Hi all!
Here is an asynchronous scheme for handling fragmented qcow2
reads and writes. Both qcow2 read and write functions loops through
sequential portions of data. The series aim it to parallelize these
loops iterations.
It improves performance for fragmented qcow2 images, I've tested it
as described below.
v2: changed a lot, as
1. a lot of preparations around locks, hd_qiovs, threads for encryption
are done
2. I decided to create separate file with async request handling API, to
reuse it for backup, stream and copy-on-read to improve their performance
too. Mirror and qemu-img convert has their own async request handling,
may be we'll be able finally merge all these similar code into one
feature.
Note that not all API calls used in qcow2, some will be needed on
following steps for parallelizing other io loops.

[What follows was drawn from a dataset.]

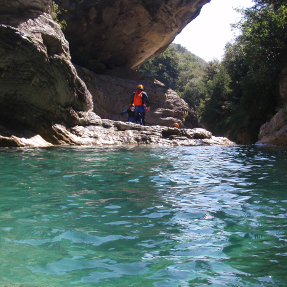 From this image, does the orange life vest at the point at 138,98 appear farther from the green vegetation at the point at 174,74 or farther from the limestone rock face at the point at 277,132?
the green vegetation at the point at 174,74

Based-on: https://github.com/stefanha/qemu/commits/block
About testing:
I have four 4G qcow2 images (with default 64k block size) on my ssd disk:
t-seq.qcow2 - sequentially written qcow2 image
t-reverse.qcow2 - filled by writing 64k portions from end to the start
t-rand.qcow2 - filled by writing 64k portions (aligned) in random order
t-part-rand.qcow2 - filled by shuffling order of 64k writes in 1m clusters
(see source code of image generation in the end for details)
and I've done several runs like the following (sequential io by 1mb chunks):
out=/tmp/block; echo > $out; cat /tmp/files | while read file; do for wr in {"","-w"}; do echo "$file" $wr; ./qemu-img bench -c 4096 -d 1 -f qcow2 -n -s 1m -t none $wr "$file" | grep 'Run completed in' | awk '{print $4}' >> $out; done; done
short info about parameters:
-w - do writes (otherwise do reads)
-c - count of blocks
-s - block size
-t none - disable cache
-n - native aio
-d 1 - don't use parallel requests provided by qemu-img bench itself
results:
+---------------------------+---------+---------+
| file | master | async |
+---------------------------+---------+---------+
| /ssd/t-part-rand.qcow2 | 14.671 | 9.193 |
+---------------------------+---------+---------+
| /ssd/t-part-rand.qcow2 -w | 11.434 | 8.621 |
+---------------------------+---------+---------+
| /ssd/t-rand.qcow2 | 20.421 | 10.05 |
+---------------------------+---------+---------+
| /ssd/t-rand.qcow2 -w | 11.097 | 8.915 |
+---------------------------+---------+---------+
| /ssd/t-reverse.qcow2 | 17.515 | 9.407 |
+---------------------------+---------+---------+
| /ssd/t-reverse.qcow2 -w | 11.255 | 8.649 |
+---------------------------+---------+---------+
| /ssd/t-seq.qcow2 | 9.081 | 9.072 |
+---------------------------+---------+---------+
| /ssd/t-seq.qcow2 -w | 8.761 | 8.747 |
+---------------------------+---------+---------+
| /tmp/t-part-rand.qcow2 | 41.179 | 41.37 |
+---------------------------+---------+---------+
| /tmp/t-part-rand.qcow2 -w | 54.097 | 55.323 |
+---------------------------+---------+---------+
| /tmp/t-rand.qcow2 | 711.899 | 514.339 |
+---------------------------+---------+---------+
| /tmp/t-rand.qcow2 -w | 546.259 | 642.114 |
+---------------------------+---------+---------+
| /tmp/t-reverse.qcow2 | 86.065 | 96.522 |
+---------------------------+---------+---------+
| /tmp/t-reverse.qcow2 -w | 46.557 | 48.499 |
+---------------------------+---------+---------+
| /tmp/t-seq.qcow2 | 33.804 | 33.862 |
+---------------------------+---------+---------+
| /tmp/t-seq.qcow2 -w | 34.299 | 34.233 |
+---------------------------+---------+---------+
Performance gain is obvious, especially for read and especially for ssd.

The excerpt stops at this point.